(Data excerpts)
..............................

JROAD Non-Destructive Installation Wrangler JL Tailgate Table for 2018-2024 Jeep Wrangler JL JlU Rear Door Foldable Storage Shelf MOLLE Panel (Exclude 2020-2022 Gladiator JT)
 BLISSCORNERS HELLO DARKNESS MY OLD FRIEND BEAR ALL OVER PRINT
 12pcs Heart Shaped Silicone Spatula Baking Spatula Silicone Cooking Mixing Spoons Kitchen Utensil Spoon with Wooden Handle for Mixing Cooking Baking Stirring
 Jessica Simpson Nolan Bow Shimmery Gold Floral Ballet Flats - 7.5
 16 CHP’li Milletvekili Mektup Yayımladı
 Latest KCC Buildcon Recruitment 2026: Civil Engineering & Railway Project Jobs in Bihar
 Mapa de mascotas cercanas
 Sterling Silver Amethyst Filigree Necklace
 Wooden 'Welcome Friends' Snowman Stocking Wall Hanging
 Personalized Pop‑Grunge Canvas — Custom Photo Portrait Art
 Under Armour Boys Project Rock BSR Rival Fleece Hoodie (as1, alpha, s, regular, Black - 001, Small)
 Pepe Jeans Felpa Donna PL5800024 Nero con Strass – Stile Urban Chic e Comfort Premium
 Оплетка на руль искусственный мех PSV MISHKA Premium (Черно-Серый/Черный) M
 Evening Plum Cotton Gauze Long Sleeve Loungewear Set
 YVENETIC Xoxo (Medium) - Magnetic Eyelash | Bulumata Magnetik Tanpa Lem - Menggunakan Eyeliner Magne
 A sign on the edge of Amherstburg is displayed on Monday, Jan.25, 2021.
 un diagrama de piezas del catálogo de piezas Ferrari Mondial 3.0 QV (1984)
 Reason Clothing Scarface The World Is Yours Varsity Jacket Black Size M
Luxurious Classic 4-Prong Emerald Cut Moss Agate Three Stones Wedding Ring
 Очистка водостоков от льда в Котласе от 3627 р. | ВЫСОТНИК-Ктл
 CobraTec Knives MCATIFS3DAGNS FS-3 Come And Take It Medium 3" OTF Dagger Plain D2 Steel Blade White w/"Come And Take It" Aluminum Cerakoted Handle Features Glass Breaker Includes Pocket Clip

..............................

Task item:
Only the lines from the first line of the records through the line containing "Under Armour Boys" should be repeated, exactly as they appear.

Worked solution:
JROAD Non-Destructive Installation Wrangler JL Tailgate Table for 2018-2024 Jeep Wrangler JL JlU Rear Door Foldable Storage Shelf MOLLE Panel (Exclude 2020-2022 Gladiator JT)
 BLISSCORNERS HELLO DARKNESS MY OLD FRIEND BEAR ALL OVER PRINT
 12pcs Heart Shaped Silicone Spatula Baking Spatula Silicone Cooking Mixing Spoons Kitchen Utensil Spoon with Wooden Handle for Mixing Cooking Baking Stirring
 Jessica Simpson Nolan Bow Shimmery Gold Floral Ballet Flats - 7.5
 16 CHP’li Milletvekili Mektup Yayımladı
 Latest KCC Buildcon Recruitment 2026: Civil Engineering & Railway Project Jobs in Bihar
 Mapa de mascotas cercanas
 Sterling Silver Amethyst Filigree Necklace
 Wooden 'Welcome Friends' Snowman Stocking Wall Hanging
 Personalized Pop‑Grunge Canvas — Custom Photo Portrait Art
 Under Armour Boys Project Rock BSR Rival Fleece Hoodie (as1, alpha, s, regular, Black - 001, Small)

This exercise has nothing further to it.